— Work item —
Could you retype every line below exactly, omitting the images?

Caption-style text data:
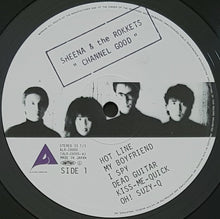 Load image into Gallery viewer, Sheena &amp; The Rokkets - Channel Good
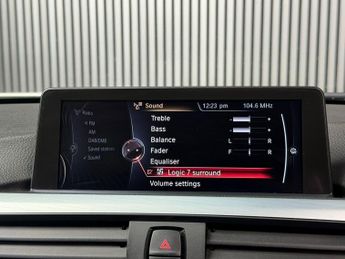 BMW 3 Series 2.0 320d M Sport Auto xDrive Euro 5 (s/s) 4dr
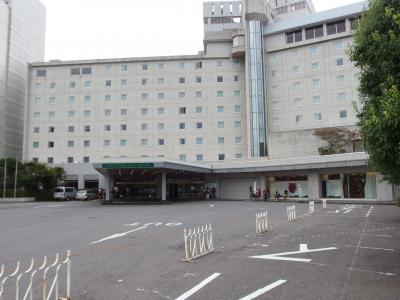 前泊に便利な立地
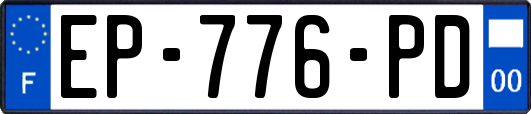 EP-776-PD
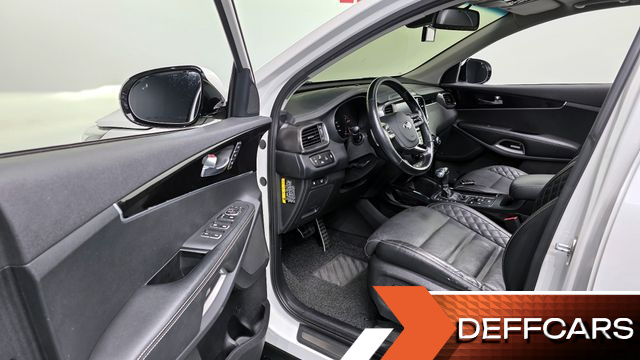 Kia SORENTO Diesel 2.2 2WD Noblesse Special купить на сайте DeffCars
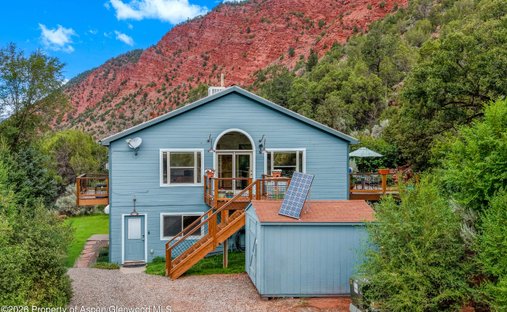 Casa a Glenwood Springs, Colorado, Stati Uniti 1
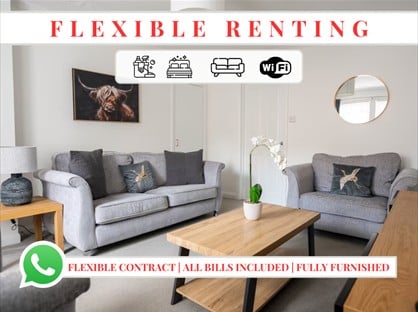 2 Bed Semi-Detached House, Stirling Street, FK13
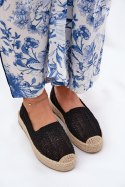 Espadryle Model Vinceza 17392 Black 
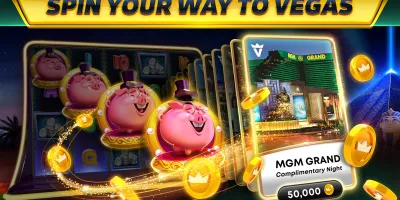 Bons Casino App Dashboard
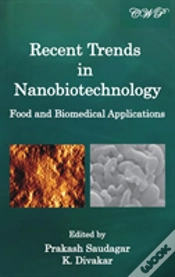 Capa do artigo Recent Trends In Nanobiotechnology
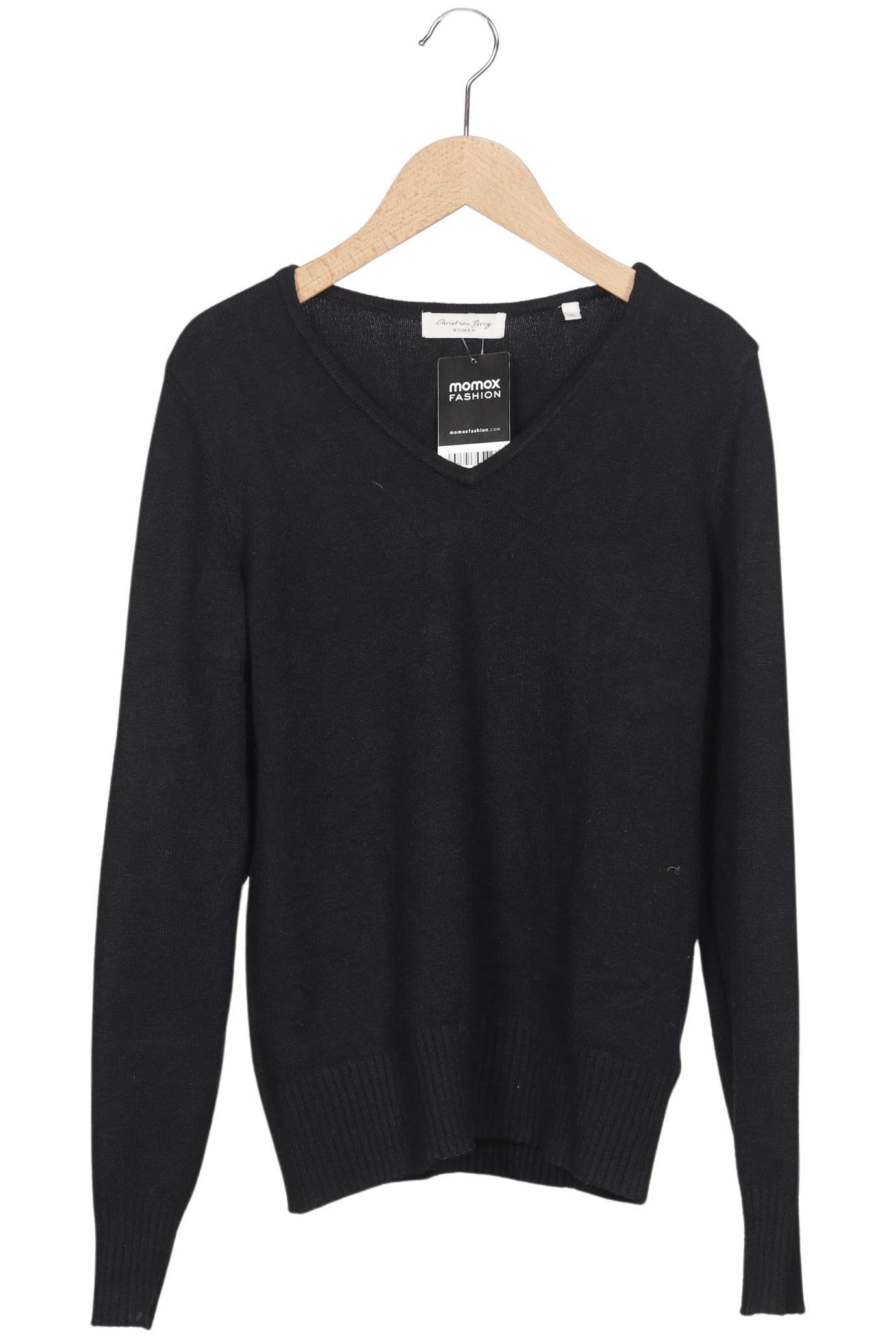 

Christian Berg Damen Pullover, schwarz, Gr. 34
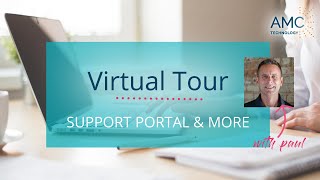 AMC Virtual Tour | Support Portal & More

— Result for this task —
 Load image into Gallery viewer, Sheena &amp; The Rokkets - Channel Good
 BMW 3 Series 2.0 320d M Sport Auto xDrive Euro 5 (s/s) 4dr
 前泊に便利な立地
 EP-776-PD
 Kia SORENTO Diesel 2.2 2WD Noblesse Special купить на сайте DeffCars
 Casa a Glenwood Springs, Colorado, Stati Uniti 1
 2 Bed Semi-Detached House, Stirling Street, FK13
 Espadryle Model Vinceza 17392 Black 
 Bons Casino App Dashboard
 Capa do artigo Recent Trends In Nanobiotechnology

Christian Berg Damen Pullover, schwarz, Gr. 34
 AMC Virtual Tour | Support Portal & More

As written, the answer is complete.